I recall having a conversation with one of my grandfathers once about coyotes, and my grandfather told me that coyotes here have a lot of timber wolf in them. That may well be true, but here in North Central Texas, it might be more true to say that a lot of the coyotes have red wolves genetic strains in them. Red Wolves are not Timber Wolves, as the term timber wolf refers to Grey Wolves.
Coydogs are thought to be most common in Texas and Oklahoma because the warm weather promotes a longer mating season for the coyotes. Coyotes are seasonal specific breeders while dogs will simply go at it year round.
Coywolfs are most often found in the North East, and in Maine, most the coyotes caught and studied were actually to some degree or another, Coywolves. A study in Maine of one hundred coyotes found that out of the one hundred, twenty two of the individuals studied were actually more wolf than coyote.
To further confuse things, a significant number of biologist believe that Red Wolves were really just coywolves from the beginning. So not only was my late grandfather possibly right about the coyotes and timber wolves, it could be that he was even speaking directly about the red wolves - which were surely much more prevalent during his younger years than they are now.
Suffice it to say, wolves, coyotes, and dogs can all interbreed, and not only can they, they do, they have, and they will again. I also think that it's not truly important for most persons to know whether what they've seen was a wolf, a red wolf, a coyote, a coydog, a coywolf, a grey wolf, or just a very grey looking German Shepherd. If it seems threatening to you, then get away from it, or throw some rocks at it. If it's not bothering you, then don't try to feed it, as it will only come back and want more easy meals, but please, don't shoot dogs, coyotes, or wolves or any combination of their genetic materials unless you are being threatened.
Please leave the foxes out of all of this, they aren't interested in the frolicking and debauchery of their cousins - very healthy mindset have the wise foxes!
Red Wolves - Suspected CoyWolves
Canis latrans - The Coyote, The Ultimate Native American Animal
Coyotes are the ultimate Native Americans. They are entirely symbolic of the great frontier, and their howl is ubiquitous in relation to thoughts of the wide open and wild places. It's a great testament to the amazing biological superiority of the Coyote that it's howl is now also synonymous to evening in the suburbs.
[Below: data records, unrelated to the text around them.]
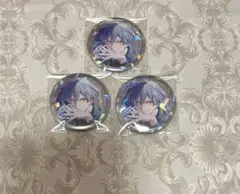 アイドリッシュセブン アイナナ ラスティアラ 缶バッジ 亥清悠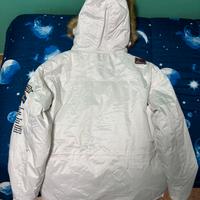 Giaccone GEOGRAPHICAL NORWAY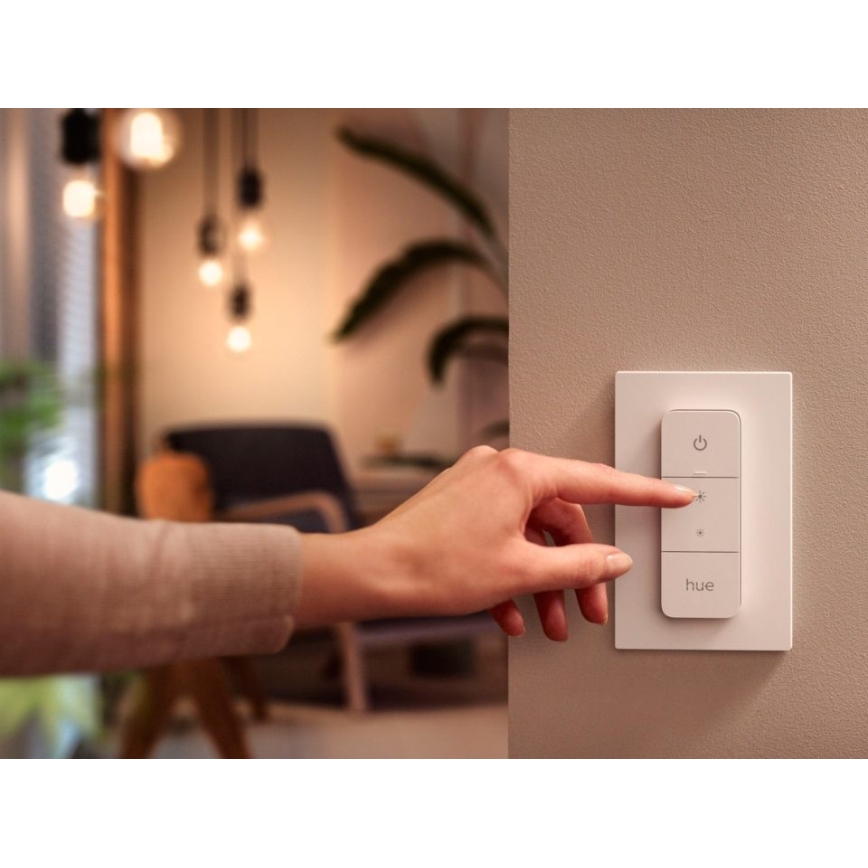 Kaukosäädin Philips Hue SWITCH V2 1xCR2032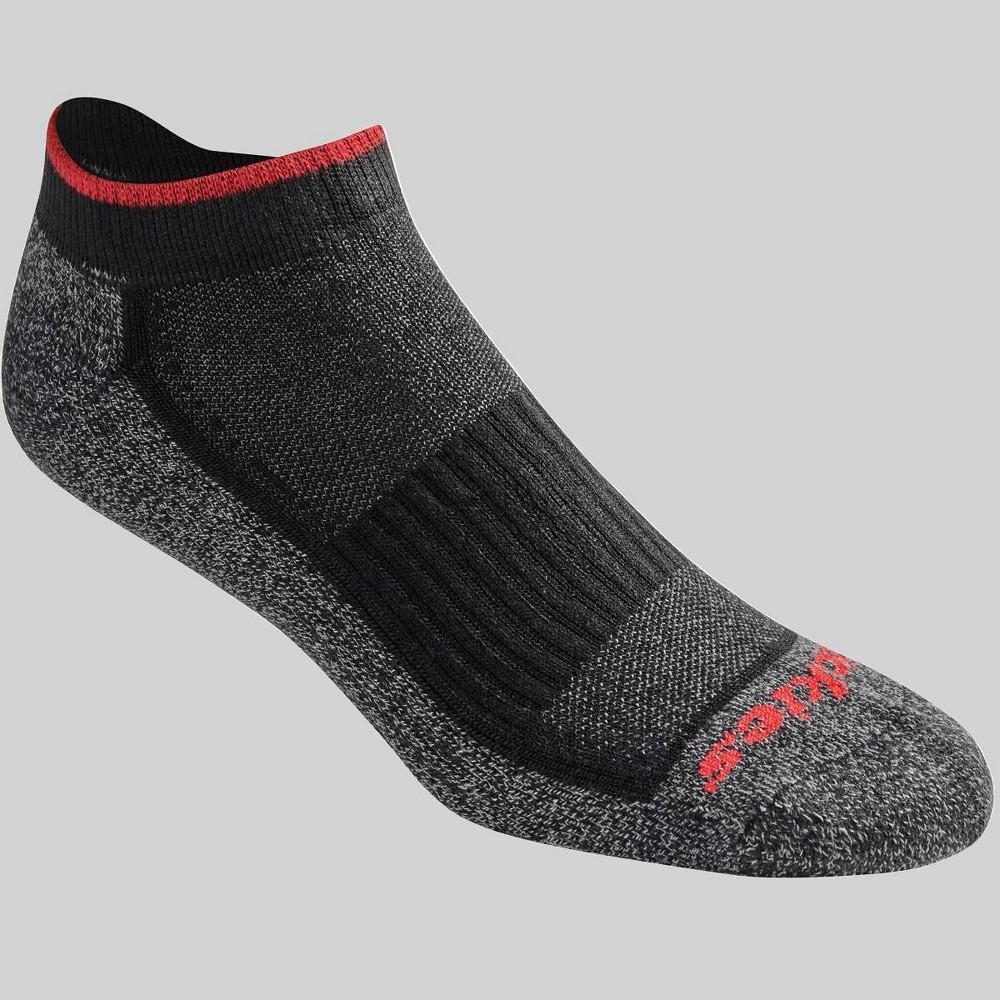 Dickies Mens Outdoor Repreve Low Cut Socks 6pk 6-12 Product Image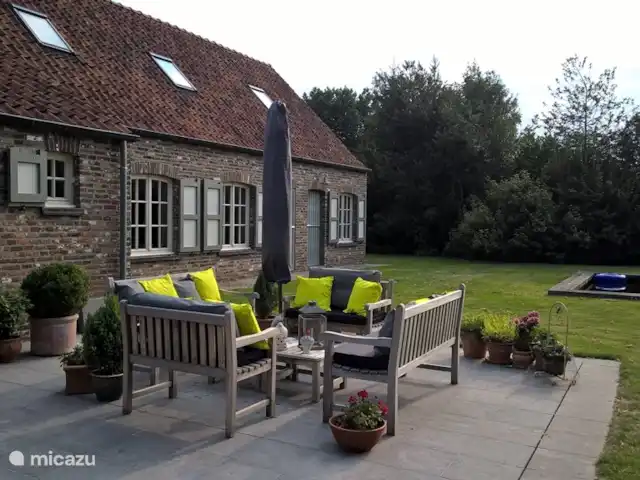 appartement huren in België, West-Vlaanderen, Brugge – Het Veldzicht appartement huren in België, West-Vlaanderen, Brugge – Het Veldzicht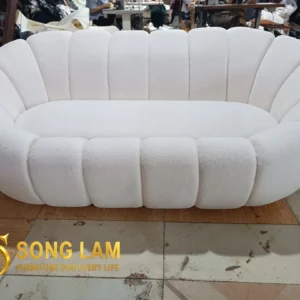 Sofa Cong Chần Múi Cao Cấp Cocoon SIU0212 - Ảnh 7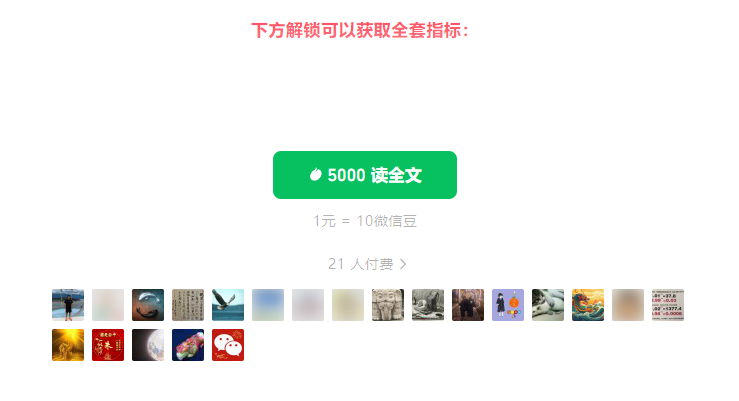 通达信【底定三秦】主图副图选股，连续五年平均胜率高_展示图_17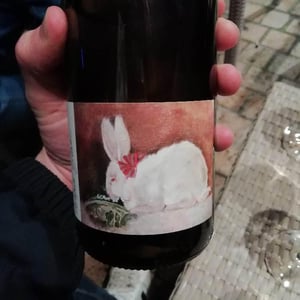 Lapin Blanc 2018 - La Franchaie - Eric et Alex Dubois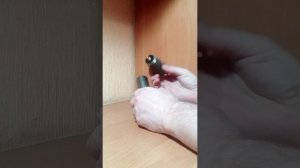 Фонарь ANDRUS mini (под использование 1 или 2 акб)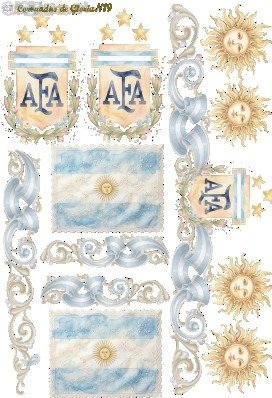 Producto - C.DE GLORIA N19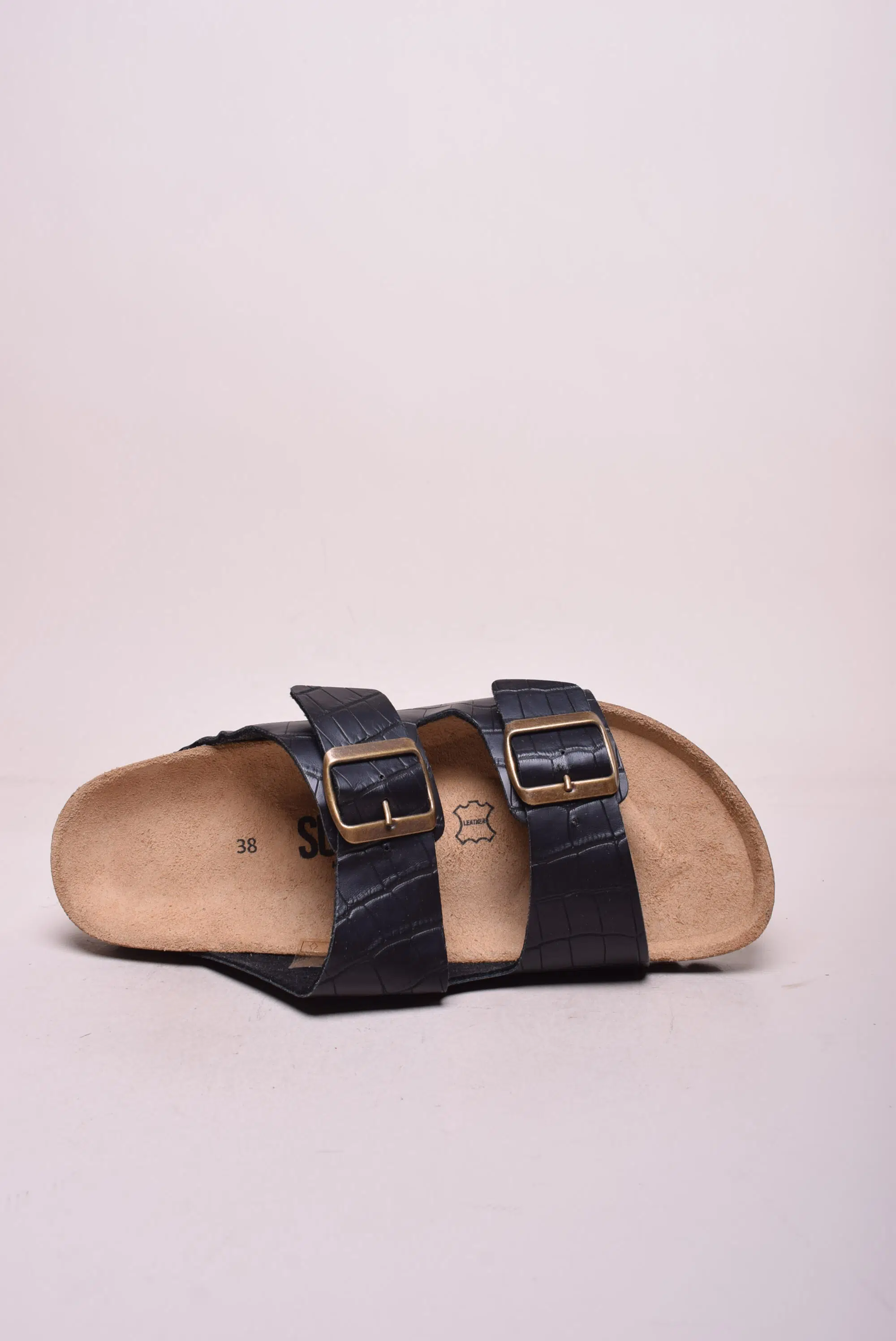 Papuci dama Trefle [4]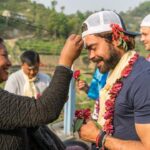 Zac Efron Instagram - Dhanyawaad Nepal 🙏 #2018throwback #tbt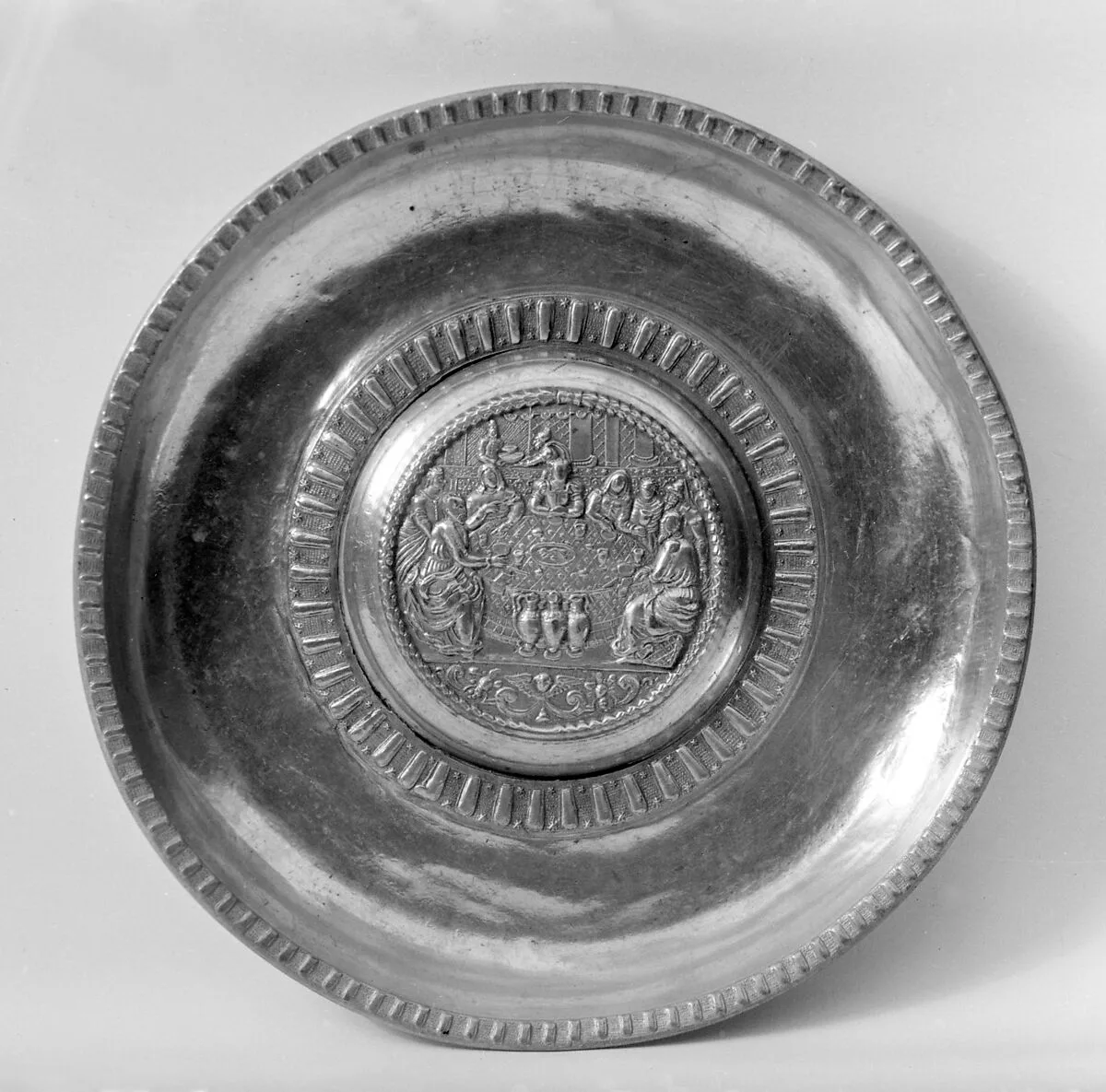 Dish — Unknown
While wolves are known to be Eurasian in origination, the Coyote is entirely an American animal that developed side by side millions of years ago with the much larger Dire Wolf. Modern American wolves crossed the Bering Straight, same as did the ancient Mongols that became the Native American Indians.
Quite literally, the coyotes were here before we were, and will likely be here after we are all gone. You have to be a cockroach to be a life form more adaptable and successful than a coyote, and that, my friends, is debatable.
Speaking of Native Americans, the coyote is a HUGE part of native American Folklore..Almost universally in such Folklore of the Natives, the coyote is a trickster that even the Gods are fooled by. Little wonder that is, for he who is heard so frequently and so seldom seen.